Legal advice in milliseconds

Project: The National Federation of House Owners (Huseiernes Landsforbund)

Morten Fæste, Lawyer at Huseiernes Landsforbund, has been managing the chatbot project with great success. (Photo: Huseiernes Landsforbund)

Text by Eli Rugaard.

Lucy, Norway’s first chatbot giving legal advice on real estate matters, is turning 1 year this month, and we decided to have a chat with her main colleague, Morten Fæste. Morten works as a lawyer at The National Federation of House Owners (Huseiernes Landsforbund, HL) and has also managed the chatbot project since the beginning.

HL is a nationwide consumer organization that works actively to safeguard homeowners’ rights in relation to the authorities. Members of the federation receive legal, economic and technical building advice as well as valuable discounts when buying goods and services connected to housing. Some of this interaction happens through Lucy.

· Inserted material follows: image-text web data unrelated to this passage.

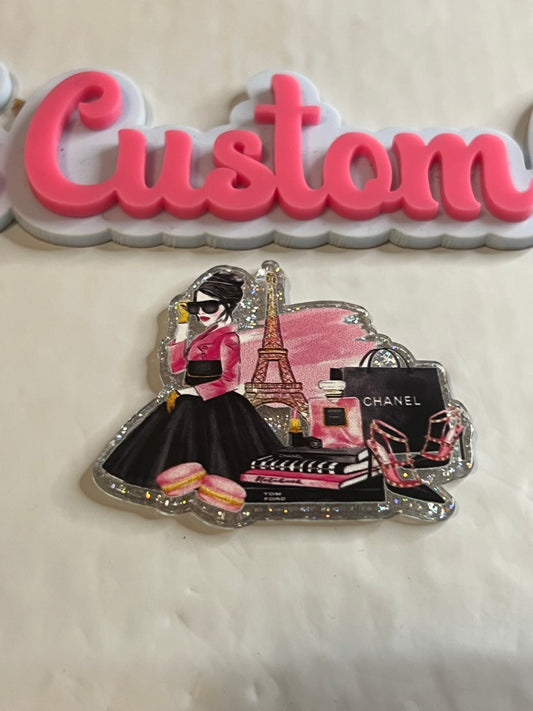 Pink Black CC Paris Look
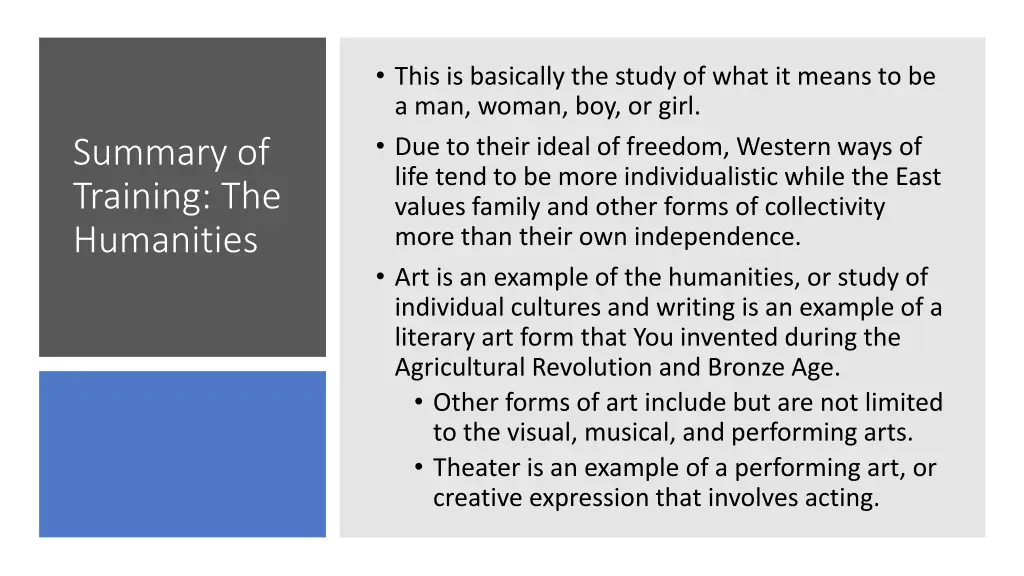this is basically the study of what it means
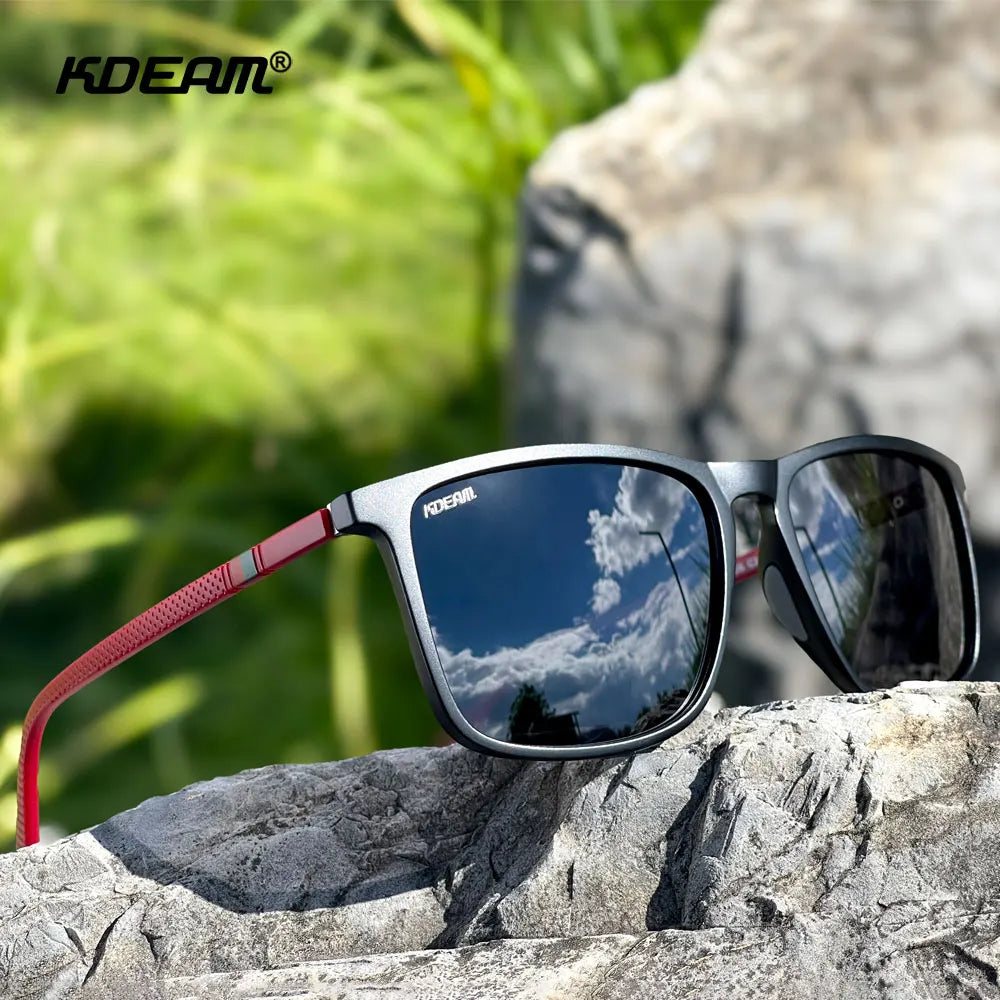 KDEAM 6.18 inch Frame Width Extra Large Size Polarized Sunglasses For Men Women Photochromic Sun Glasses Oversized With Case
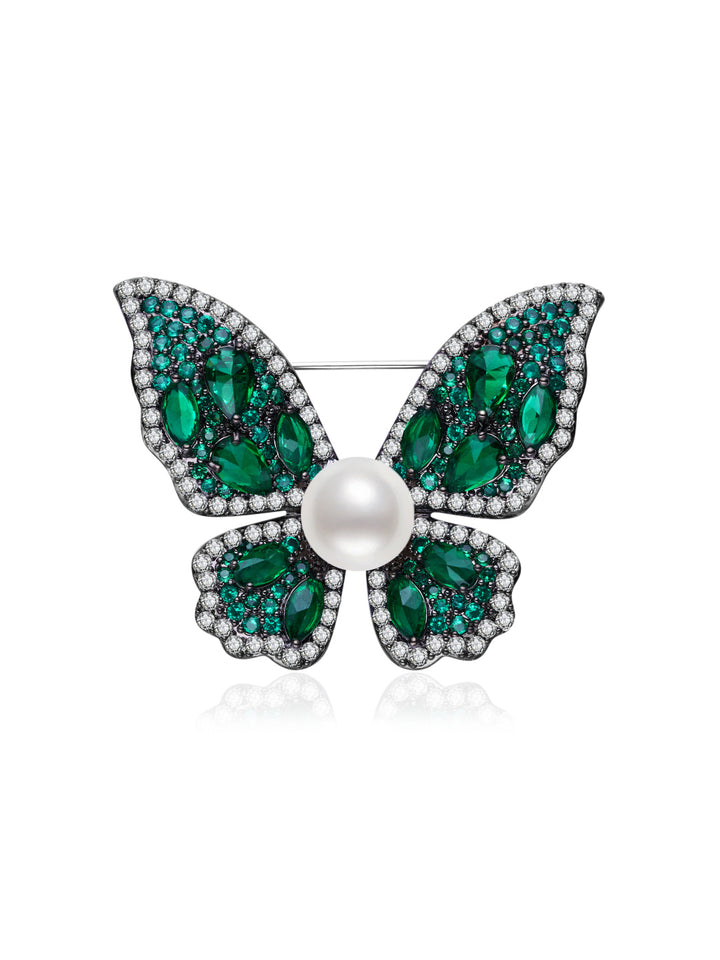 Spilla elegante con perla d'acqua dolce WC00120 | BUTTERFLY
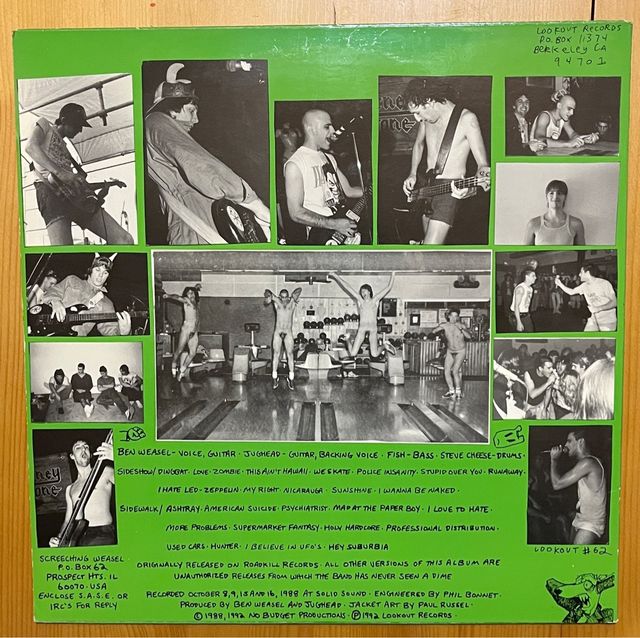 Screeching Weasel – Boogadaboogadaboogada!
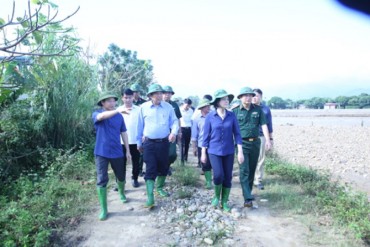 Phó Thủ tướng Thường trực chỉ đạo khắc phục hậu quả mưa lũ ở Yên Bái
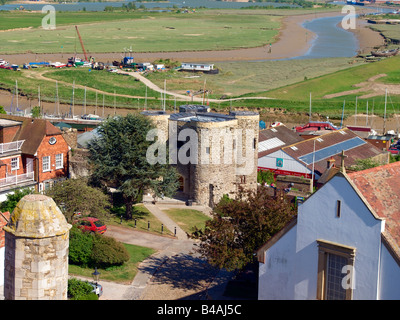 Roggen, Blick von der Marienkirche, Ypern Turm Stockfoto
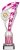 10.25" SILVER/PINK TROPHY S136B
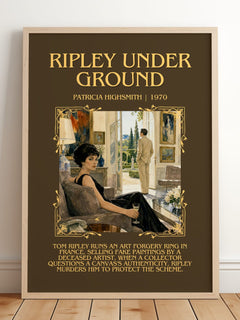 Ripley Under Ground Minimalist Book Poster by Patricia Highsmith – image 2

Lucy was named after Norway’s first female law professor and the first female rector at the University of Oslo, Lucy Smith. Lucy the chatbot gives legal advice to both members and other visitors of HL’s website round the clock. Lucy went live in June 2018 and has since the start answered legal questions, as well as questions regarding membership of the federation.

In November 2018, after the chatbot had been live for five months, Lucy the chatbot underwent a bot analysis. A bot analysis entails evaluating chatbot performance, UX dialog flow, looking in detail at how the chatbot has been used in the period it’s been live and maybe most importantly: up-to-date knowledge transfer.

An in-depth analysis of UX dialog flow helps understand how end users interact with the chatbot. In our analysis for HL, we saw that the most frequently asked questions were regarding membership, so we focused on building dialog flows that gave the user the opportunity to learn more about membership and signing up, as well as informing about the many pros of becoming a member.

The bot analysis showed that users often used single words to communicate with Lucy. Such insights are very valuable in the further development of the chatbots content, which is used as training data for the deep learning model. The tweaks that were done following the bot analysis resulted in a reduction in fallback of 20%. This was due to a deeper analysis of how the chatbot had been used in the months it had been live, and adapting the chatbot content thereafter.

Morten Fæste (Photo: Huseiernes Landsforbund)

An analysis of incoming messages showed that more than one-third of inquiries to the chatbot came outside of office hours. Lucy is on call 24/7, so she is a valuable supplement to the customer support that opens at 8 am and closes at 4 pm. Contacting Lucy can also be very time saving, you’ll get a response within milliseconds!

Why has this project been so successful? Morten points to some factors that have been key to Lucy’s success. Huseiernes Landsforbund is an organization that provides many benefits to its users. Using a chatbot has been successful because the bot can give free legal advice and make law accessible to all users of the chatbot. Receiving an answer in chatbot format means that it will be short and to the point to fit the chat bubble window, quite the opposite to reading law text or receiving a document from a lawyer. Lucy makes law accessible, users can ask Lucy for advice, and be given sound advice that’s been quality assured by lawyers and law students.

“It’s fun to take the lead and setting a good example by using new technology.” — Morten Fæste

Law is a field that’s mostly known for long traditions and attention to detail, but there is no reason this can’t be combined with testing new technology.

To wrap things up, Morten gives three tips for a successful chatbot project:

  • Use UX writers to help build dialogue structure and content. Not only to build a solid foundation of training data for the AI and the chatbot, but also for knowledge transfer between the two parties.
  • Continue working on the chatbot content after the initial project phase. Establish solid and systematic routines to continue improving the chatbot’s scope and performance.
  • Each bot has unique users, try to adapt the bot to its users. After the bot goes live, you will see how it’s used. Use this data to improve the bot accordingly.